Source : Hans Holbein, maniérisme, anamorphose, parallaxe, postmodernité par Michel Thévoz, éditions L’Atelier contemporain, collection Studiolo.
Dans Le Livre de peinture, paru en 1604, Carel
Van Mander nous donne un renseignement précieux : « Il est à noter
que, à l’instar du chevalier romain Tupilius, qui était gaucher et peintre, ce
qu’on n’avait jamais vu, Holbein maniait le pinceau de la main gauche, ce qui
de notre temps ne s’est vu que très rarement ou pas du tout. Mais, pour autant,
il n’était point gauche dans la pratique de son art, où il procédait avec
fermeté et en maître accompli. »
On peut vérifier cette particularité par l’orientation
des hachures dans ses gravures et ses desseins. Notons que Léonard de Vinci,
Michel-Ange, et Dürer probablement, étaient également gauchers : ça fait
beaucoup de peintres dans une génération et non des moindres, les plus
subversifs même, ceux qui traitent le Christ par un raccourci, qui dissèquent
les cadavres et qui excellent dans l’inversion des valeurs.
Voilà qui relance le problème de la
« dextérocratie » : la prédominance de la main droite n’a pas
d’explication génétique, c’est une spécificité anthropologique qui ressortirait
plutôt à l’ordre symbolique, c’est-à-dire à des déterminations culturelles qui
se seraient généralisées dès l’origine, les singes supérieurs étant encore
ambidextres.
Érasme lui-même, le meilleur ami de Holbein, si
contestataire fût-il, croit devoir insister : « En posant un plat
comme en versant à boire, ne te sers jamais de la main gauche »

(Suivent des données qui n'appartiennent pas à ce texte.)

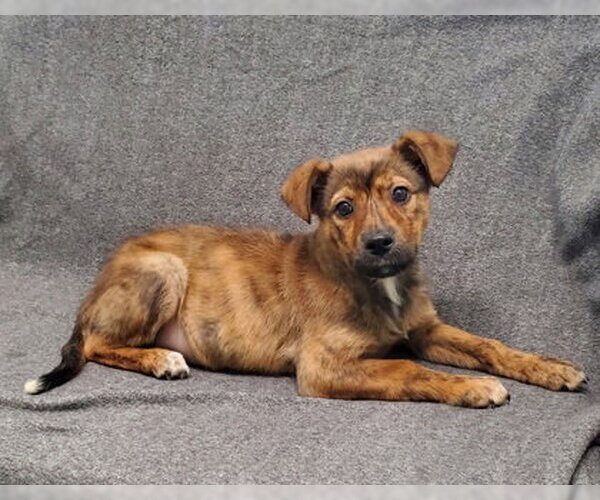 Medium Photo #1 Australian Shepherd Puppy For Sale in Lake City, MI, USA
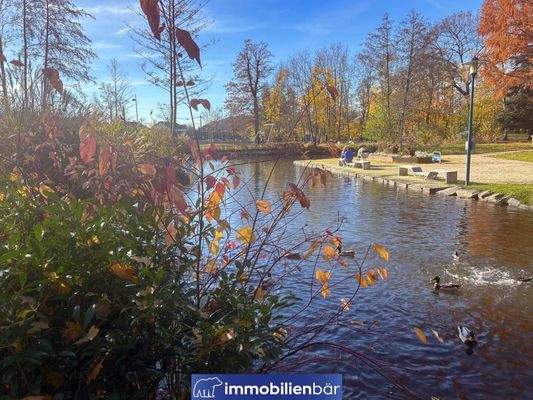 Direktangrenzender Park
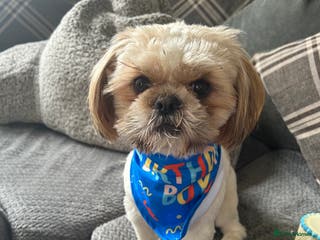 Shih Tzu dogs Our beautiful boy Arlo available for stud in Tipton - Advert 8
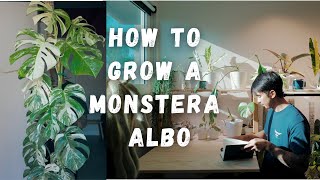 How to Grow a Monstera Albo! (Avoid Browning!!!)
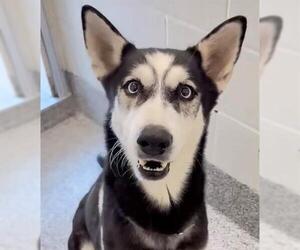 Siberian Husky Dogs for adoption in Houston, TX, USA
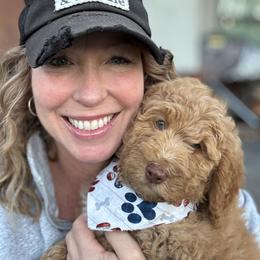 Double Doodle and Goldendoodle Puppies from Red White and Doodle
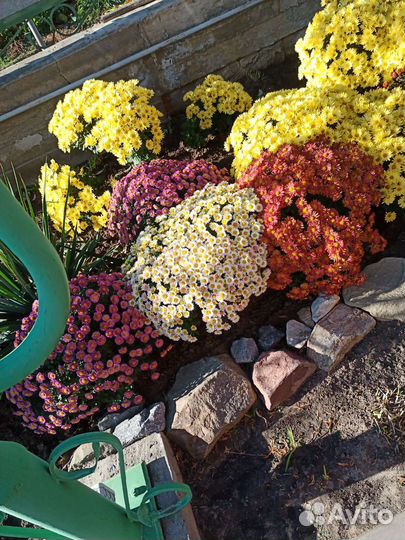 Цветы хризантемы голландской селекции -мультифлора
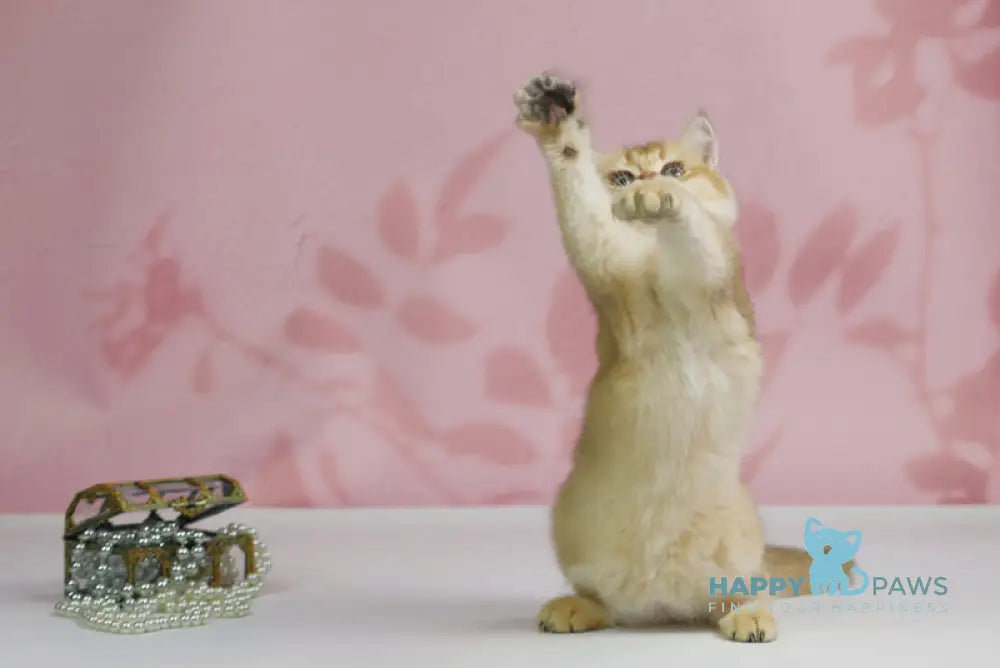 Teddy British Shorthair male black golden shaded live animals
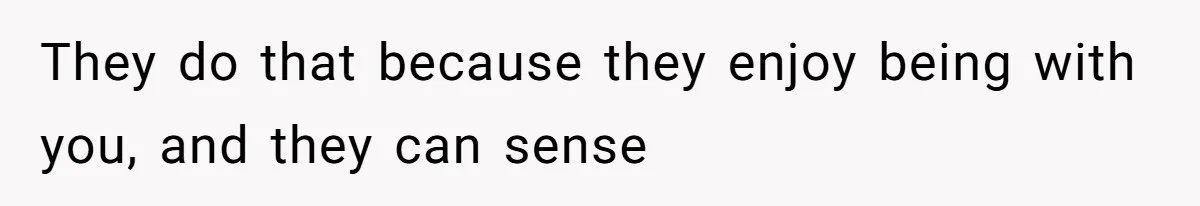 They do that because they enjoy being with you, and they can sense
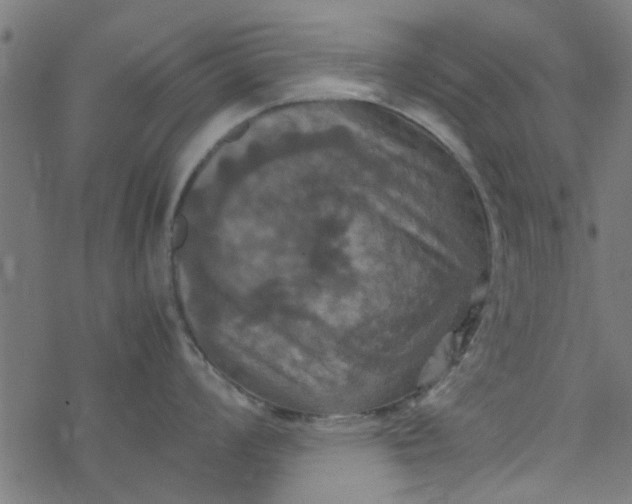 X0000077361008200611031841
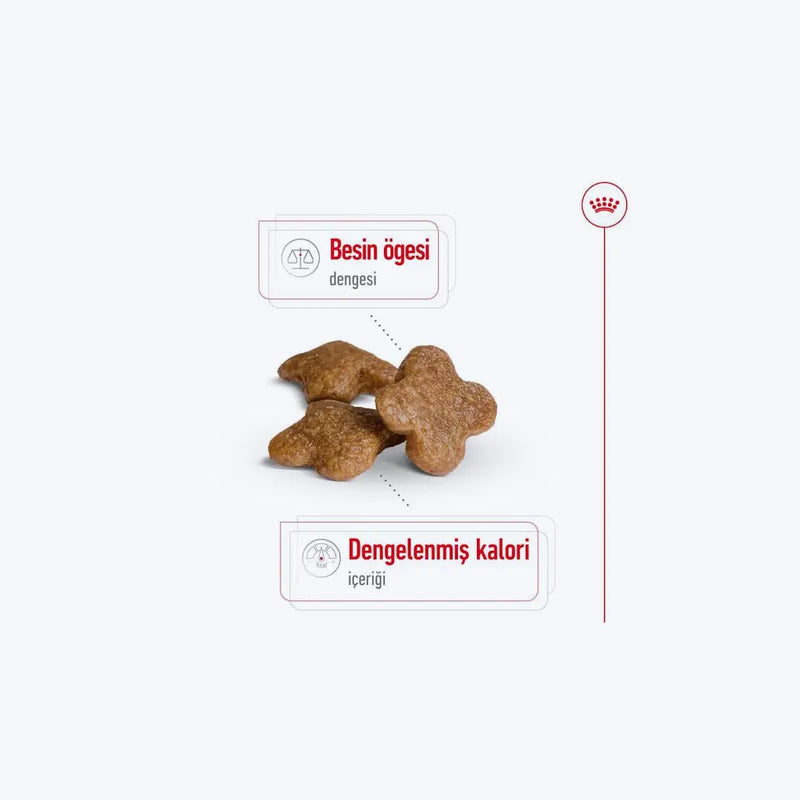 Royal Canin Mini 8+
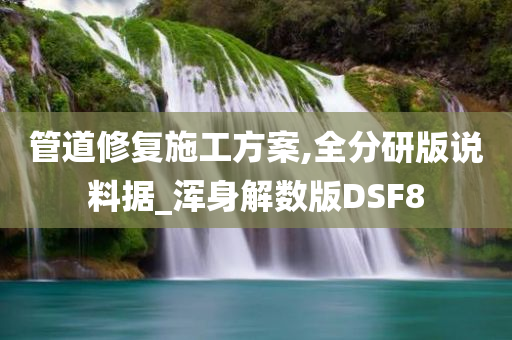 管道修复施工方案,全分研版说料据_浑身解数版DSF8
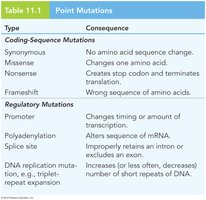 Table summarizing point mutations and their consequences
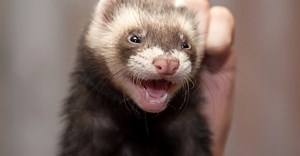 What Do Ferrets Eat?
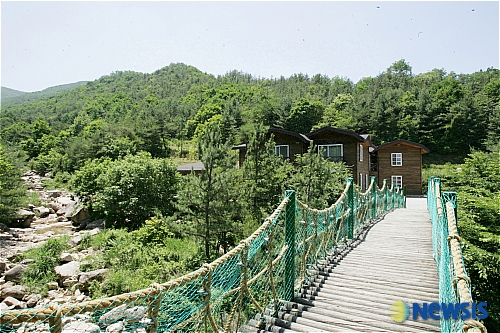 상주시 성주봉자연휴양림 휴양객 쇄도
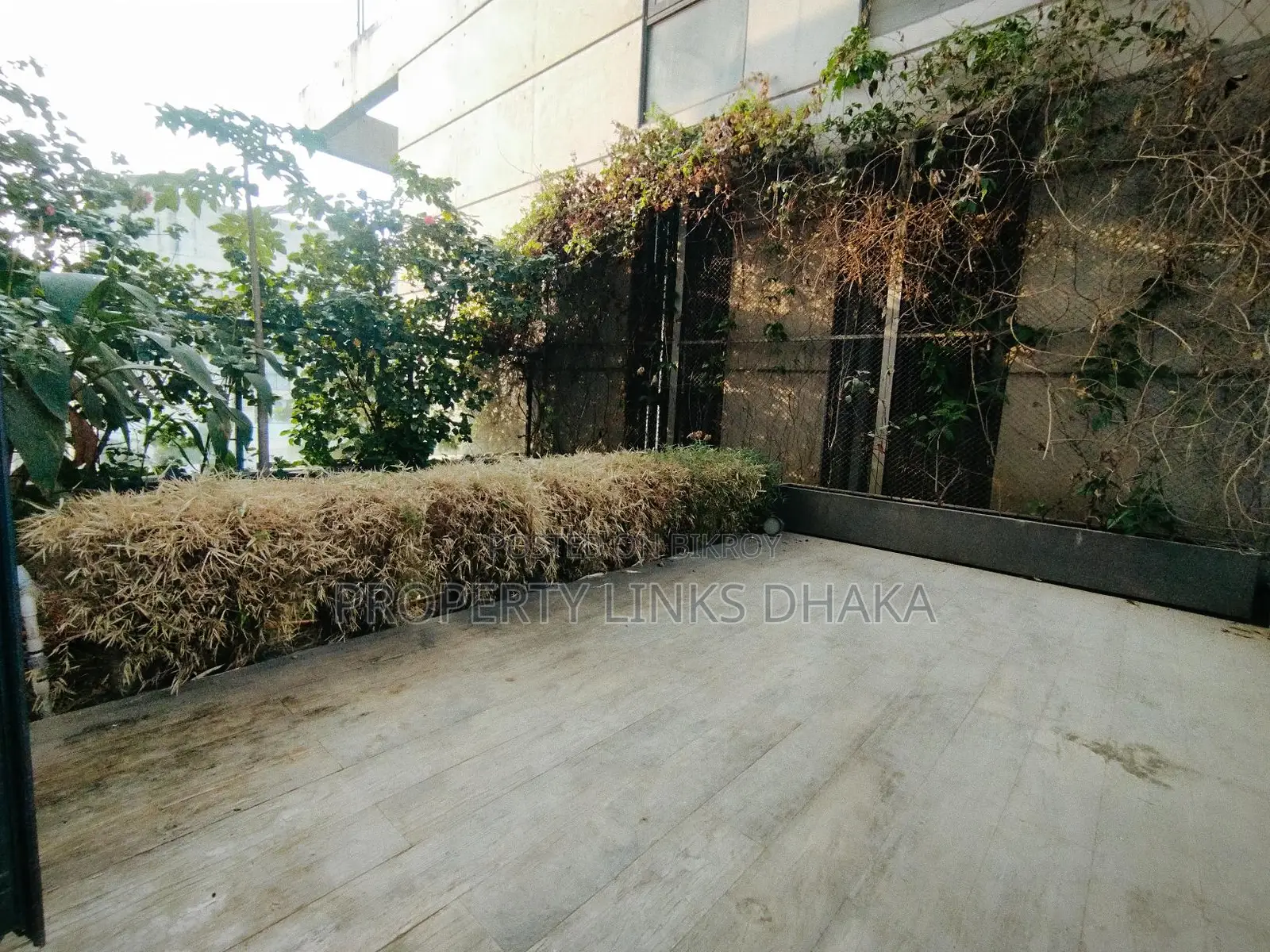 Luxury Apartment For Rent In Gulshan 2 Dhaka
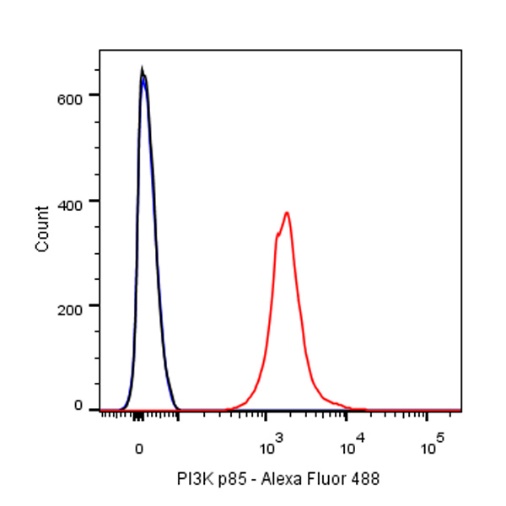 PI3 Kinase p85 Recombinant Rabbit mAb (SDT-R108)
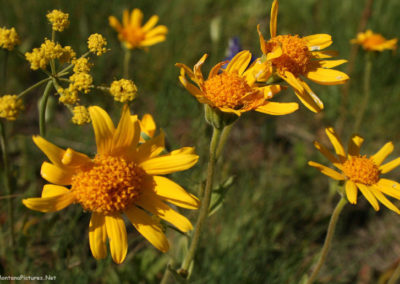June picture of yellow Balsamroot Flowers along Forest Service Road 211 in the Castle Mountains. Image is from the Castle Town Montana Picture Tour.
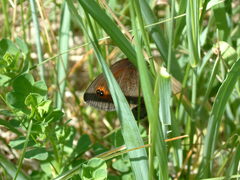 Erebia epipsodea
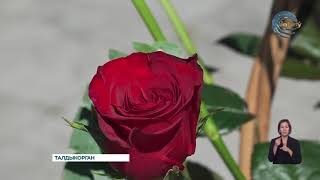 В этом году исполняется 34 года со дня закрытия Семипалатинского ядерного испытательного полигона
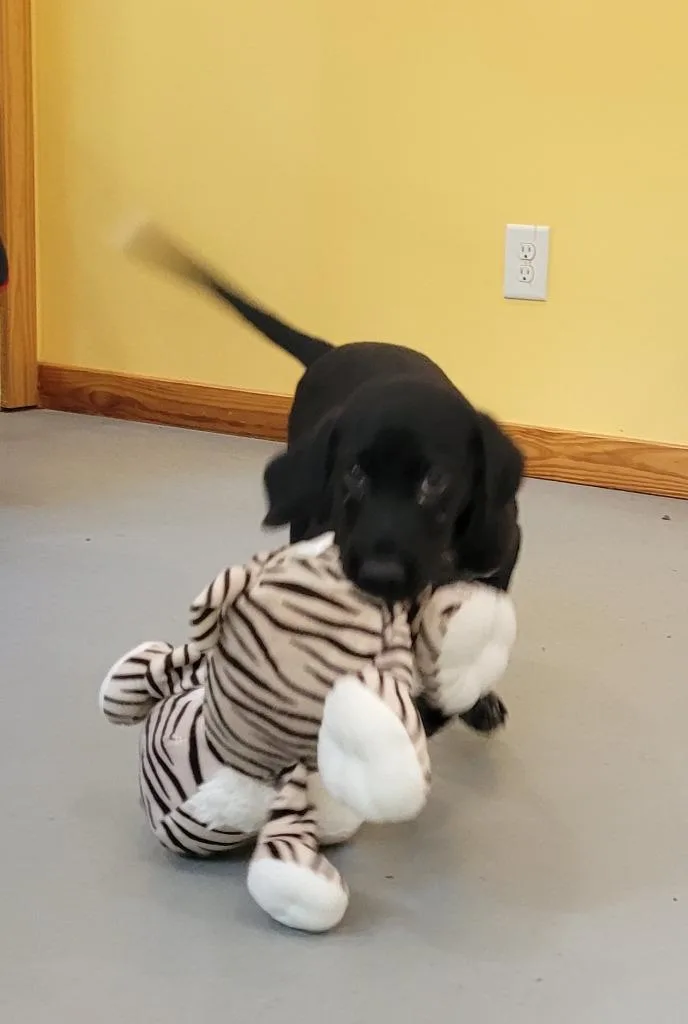 A baby small-sized male Mixed Breed dog named Chord for adoption in Lawrenceburg, TN
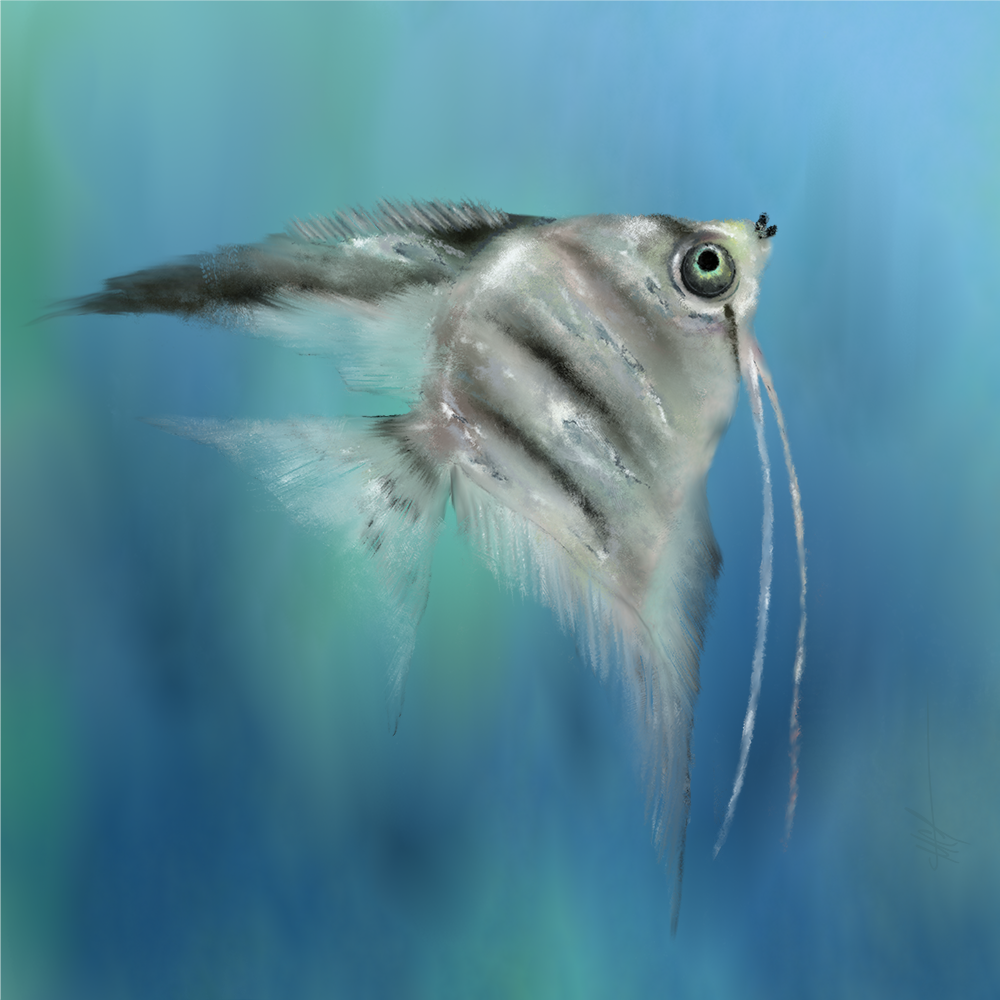 Elegant Angelfish with detailed flowing fins and a bright eye, set against a blurred blue background.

recommande-t-il dans De Civilitate morum puerilium… Dès lors, on peut se
demander si, parmi les gauchers, qu’on dit volontiers contrariés, il n’y en
aurait pas de contrariants, au nombre desquels il faudrait compter notre
peintre ?
Ce que semblerait confirmer la signature épigraphique ironique, si ce n’est insolente, et inversée comme dans un miroir, dans le pilastre gauche d’un projet de vitrail, La Madone à l’enfant : « ZEFSVICUM » (Mucius fec[it]), allusion à Mucius Scaevola, résistant et gaucher s’il en est, pour s’être brûlé héroïquement la main droite.